O ponto de vista feminino, sempre para lá da lógica da análise e muito melhor do que a lógica da análise, vê até onde esta não chega: o fundo dos corações, o valor emocional de um argumento. Para descobrir facetas de um homem, não há, pois, como uma mulher. Daí que tenha sido com uma enorme curiosidade e surpresa que li o artigo de PMP sobre o Padre António Vieira escrito na Brotéria, uma síntese no âmbito do Encontro Fé e Justiça, realizado em Lisboa em Fevereiro, sob o tema “Padre António Vieira: os mesmos desafios quatro séculos depois”.

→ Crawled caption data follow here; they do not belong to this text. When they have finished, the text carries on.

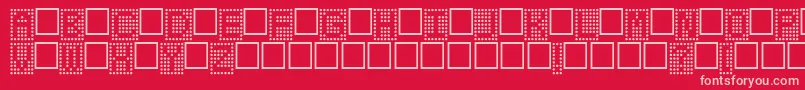 Toteboard Font – Pink Fonts on Red Background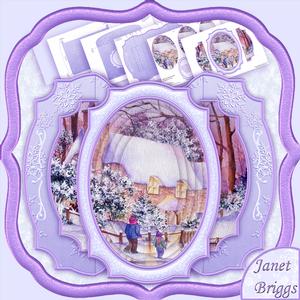 Home for Christmas Double Pop Out Card Kit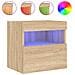 Mobile Tv A Parete Con Luci Led Rovere Sonoma 40x30x40 Cm - Foto miniatura 2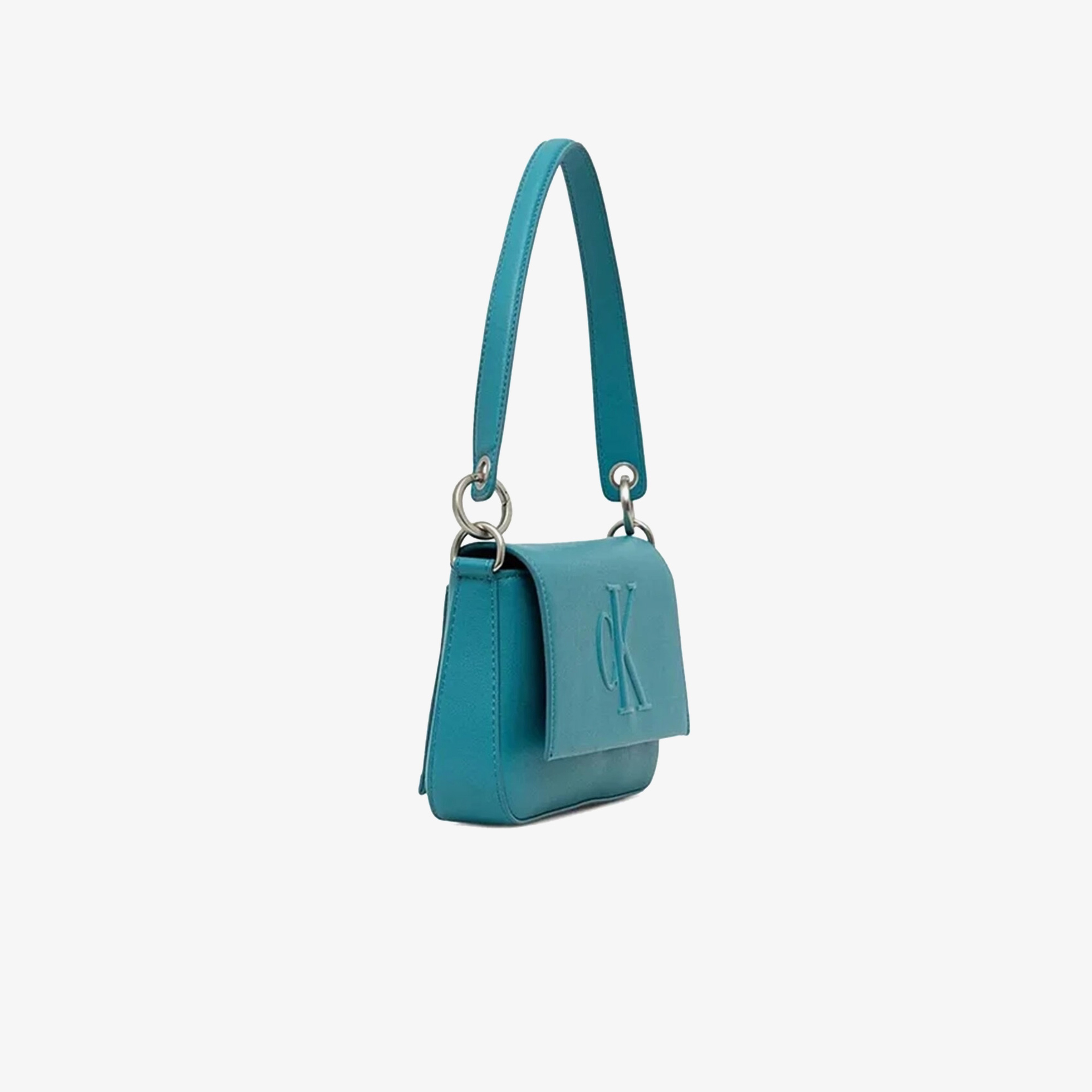 Calvin Klein Sculpted Flap Kadın Mavi Omuz Çantası
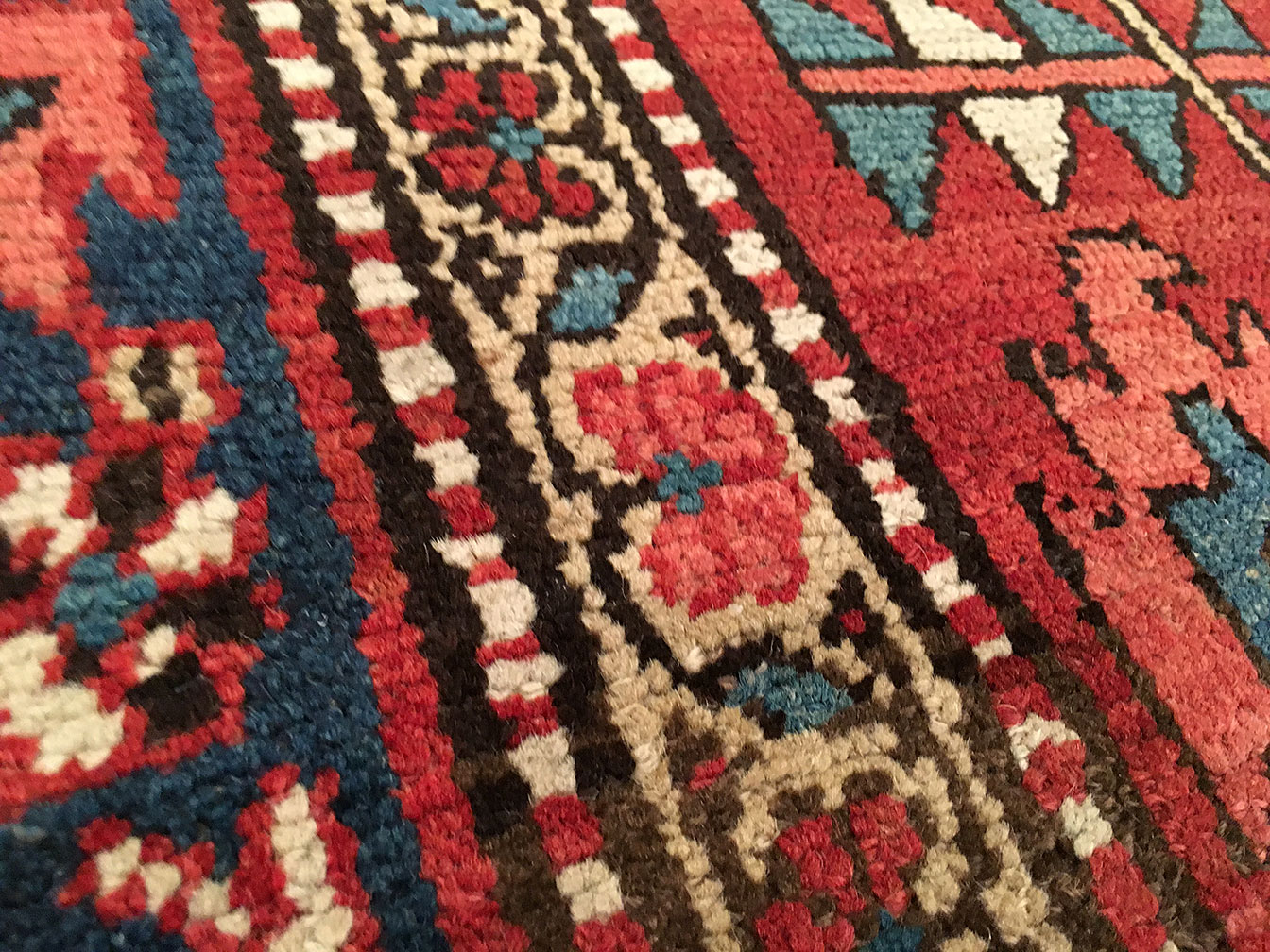 Antique heriz Carpet - # 51536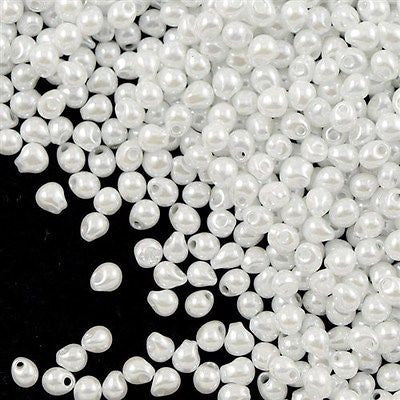 Miyuki Drop Fringe Seed Bead Ceylon White Pearl 10g (420)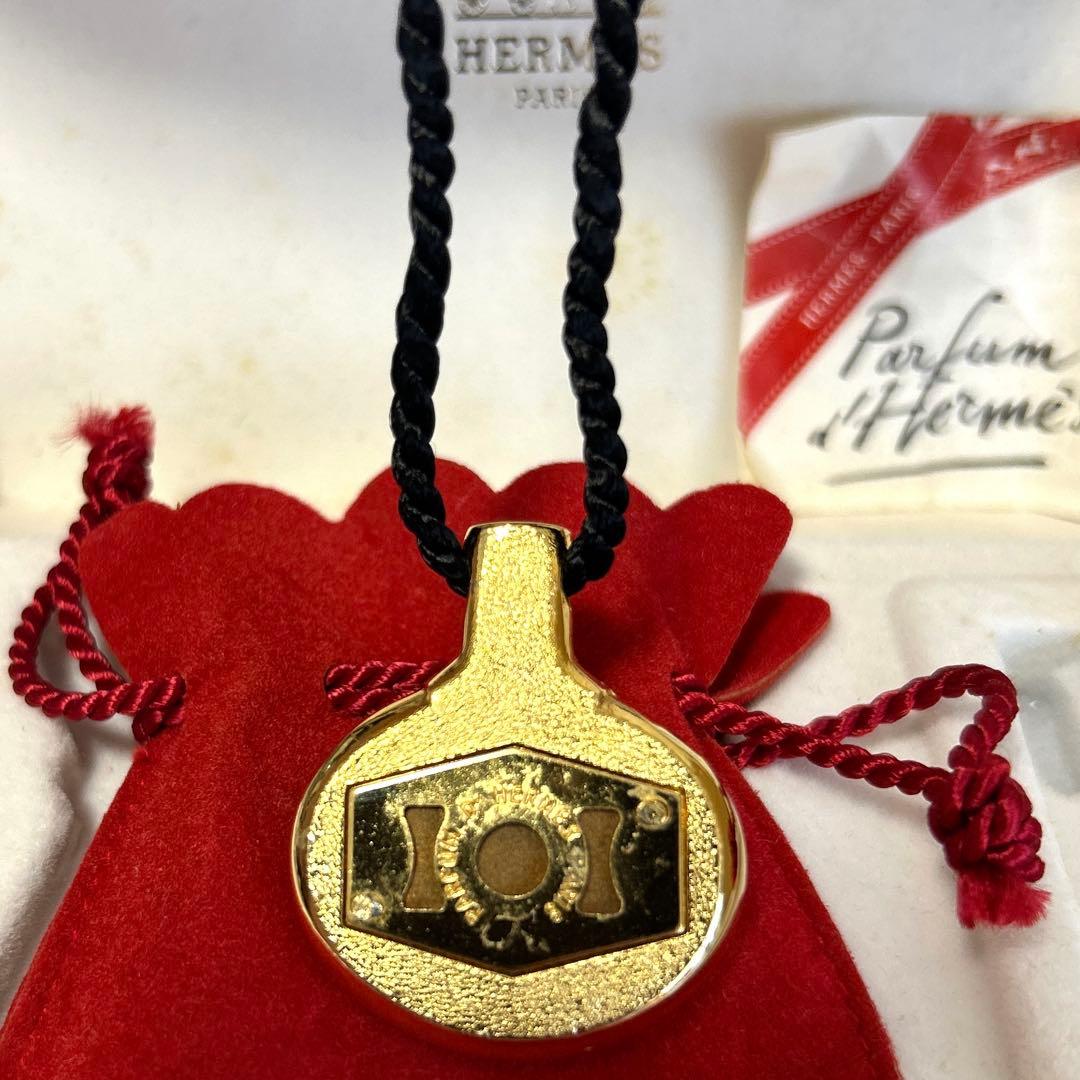 新品未使用　エルメス 90s パフューム ボトルネックレス 香水　ペンダント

Tal como Vieira “nunca vacilou na perseguição do seu objectivo celeste”, também PMP se mostrou convicta na incansável militância de S.Paulo em afirmar que “Não há judeu nem grego, não há escravo nem livre, não há homem nem mulher…”.

Espero sinceramente que PMP nunca deixe de nos perseguir nesta descoberta da verdade pela voz – que digo eu? – pelos sermões e pela vida do nosso Padre António Vieira.